What you are asked to do: Print exactly those lines that run from the beginning of the data to the line bearing "Tall Arched Top Cabinet", inclusive.

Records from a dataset
# # #

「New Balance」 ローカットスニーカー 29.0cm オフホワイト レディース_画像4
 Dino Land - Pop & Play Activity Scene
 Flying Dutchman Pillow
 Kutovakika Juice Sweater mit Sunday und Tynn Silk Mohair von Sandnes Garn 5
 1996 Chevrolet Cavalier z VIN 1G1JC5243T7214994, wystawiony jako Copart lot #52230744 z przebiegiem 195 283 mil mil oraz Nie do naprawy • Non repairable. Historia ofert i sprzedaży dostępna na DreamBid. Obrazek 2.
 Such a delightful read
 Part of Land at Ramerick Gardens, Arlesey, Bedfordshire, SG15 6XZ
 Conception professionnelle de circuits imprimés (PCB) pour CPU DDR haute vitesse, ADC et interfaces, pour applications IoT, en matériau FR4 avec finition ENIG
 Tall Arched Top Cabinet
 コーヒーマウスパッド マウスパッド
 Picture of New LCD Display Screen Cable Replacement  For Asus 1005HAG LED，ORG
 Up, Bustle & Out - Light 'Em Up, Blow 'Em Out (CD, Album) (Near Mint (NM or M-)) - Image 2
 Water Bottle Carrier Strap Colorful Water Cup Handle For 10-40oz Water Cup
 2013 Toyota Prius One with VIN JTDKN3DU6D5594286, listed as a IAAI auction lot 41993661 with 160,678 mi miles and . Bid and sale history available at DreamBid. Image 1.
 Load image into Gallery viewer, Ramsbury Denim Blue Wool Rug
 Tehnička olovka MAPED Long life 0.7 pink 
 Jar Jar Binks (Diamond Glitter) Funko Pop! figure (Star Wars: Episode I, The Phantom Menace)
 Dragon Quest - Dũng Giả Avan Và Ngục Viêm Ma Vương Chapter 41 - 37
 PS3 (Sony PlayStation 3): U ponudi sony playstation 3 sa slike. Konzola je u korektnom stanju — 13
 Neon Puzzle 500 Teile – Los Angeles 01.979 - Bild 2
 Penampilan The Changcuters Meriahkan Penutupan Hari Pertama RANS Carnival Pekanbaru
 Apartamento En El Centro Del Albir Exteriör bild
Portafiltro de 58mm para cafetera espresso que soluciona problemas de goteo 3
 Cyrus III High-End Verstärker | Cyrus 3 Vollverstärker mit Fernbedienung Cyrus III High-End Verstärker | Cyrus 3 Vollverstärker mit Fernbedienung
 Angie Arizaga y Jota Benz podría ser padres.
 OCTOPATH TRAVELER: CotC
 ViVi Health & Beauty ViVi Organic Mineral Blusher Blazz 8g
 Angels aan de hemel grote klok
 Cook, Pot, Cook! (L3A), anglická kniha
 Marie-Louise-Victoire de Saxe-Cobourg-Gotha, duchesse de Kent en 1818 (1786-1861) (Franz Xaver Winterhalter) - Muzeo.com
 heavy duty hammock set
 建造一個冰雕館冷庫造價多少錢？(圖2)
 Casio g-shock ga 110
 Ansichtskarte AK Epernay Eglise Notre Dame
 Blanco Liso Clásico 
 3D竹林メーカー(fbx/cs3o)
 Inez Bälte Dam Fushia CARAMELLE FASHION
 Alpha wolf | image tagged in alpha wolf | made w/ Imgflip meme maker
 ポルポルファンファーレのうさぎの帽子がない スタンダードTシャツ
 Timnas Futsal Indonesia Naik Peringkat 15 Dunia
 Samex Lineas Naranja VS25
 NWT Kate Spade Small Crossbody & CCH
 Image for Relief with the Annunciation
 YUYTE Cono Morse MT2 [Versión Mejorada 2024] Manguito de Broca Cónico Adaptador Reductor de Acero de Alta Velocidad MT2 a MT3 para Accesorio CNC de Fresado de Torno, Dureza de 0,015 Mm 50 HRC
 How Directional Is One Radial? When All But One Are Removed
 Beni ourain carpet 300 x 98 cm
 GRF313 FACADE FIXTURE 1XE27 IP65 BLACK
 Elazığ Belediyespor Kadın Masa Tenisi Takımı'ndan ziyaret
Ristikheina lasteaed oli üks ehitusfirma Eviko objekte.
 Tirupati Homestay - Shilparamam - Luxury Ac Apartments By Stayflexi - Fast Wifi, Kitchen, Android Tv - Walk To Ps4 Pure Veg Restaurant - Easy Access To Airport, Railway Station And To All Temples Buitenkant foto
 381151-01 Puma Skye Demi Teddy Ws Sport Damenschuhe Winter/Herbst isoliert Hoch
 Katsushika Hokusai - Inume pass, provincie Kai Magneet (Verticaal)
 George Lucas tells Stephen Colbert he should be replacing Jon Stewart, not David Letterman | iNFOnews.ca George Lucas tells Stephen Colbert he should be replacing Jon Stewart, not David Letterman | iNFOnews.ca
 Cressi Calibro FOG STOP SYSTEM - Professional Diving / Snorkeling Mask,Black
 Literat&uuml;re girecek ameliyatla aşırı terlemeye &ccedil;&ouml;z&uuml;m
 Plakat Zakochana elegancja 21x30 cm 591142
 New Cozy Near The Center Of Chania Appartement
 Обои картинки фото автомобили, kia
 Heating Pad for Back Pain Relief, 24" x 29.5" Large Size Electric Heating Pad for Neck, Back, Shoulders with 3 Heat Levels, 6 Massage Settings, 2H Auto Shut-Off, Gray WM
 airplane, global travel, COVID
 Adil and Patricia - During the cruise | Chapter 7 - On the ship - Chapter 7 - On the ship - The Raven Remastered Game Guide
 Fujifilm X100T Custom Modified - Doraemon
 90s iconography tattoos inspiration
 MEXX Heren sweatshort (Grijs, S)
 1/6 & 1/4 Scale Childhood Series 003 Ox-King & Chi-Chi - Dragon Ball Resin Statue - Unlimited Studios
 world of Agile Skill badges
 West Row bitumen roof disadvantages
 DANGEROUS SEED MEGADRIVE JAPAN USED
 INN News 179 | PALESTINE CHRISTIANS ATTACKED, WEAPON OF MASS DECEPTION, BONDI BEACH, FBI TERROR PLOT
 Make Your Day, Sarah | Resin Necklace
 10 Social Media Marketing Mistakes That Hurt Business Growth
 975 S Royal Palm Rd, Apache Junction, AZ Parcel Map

# # #

Finished exercise:
「New Balance」 ローカットスニーカー 29.0cm オフホワイト レディース_画像4
 Dino Land - Pop & Play Activity Scene
 Flying Dutchman Pillow
 Kutovakika Juice Sweater mit Sunday und Tynn Silk Mohair von Sandnes Garn 5
 1996 Chevrolet Cavalier z VIN 1G1JC5243T7214994, wystawiony jako Copart lot #52230744 z przebiegiem 195 283 mil mil oraz Nie do naprawy • Non repairable. Historia ofert i sprzedaży dostępna na DreamBid. Obrazek 2.
 Such a delightful read
 Part of Land at Ramerick Gardens, Arlesey, Bedfordshire, SG15 6XZ
 Conception professionnelle de circuits imprimés (PCB) pour CPU DDR haute vitesse, ADC et interfaces, pour applications IoT, en matériau FR4 avec finition ENIG
 Tall Arched Top Cabinet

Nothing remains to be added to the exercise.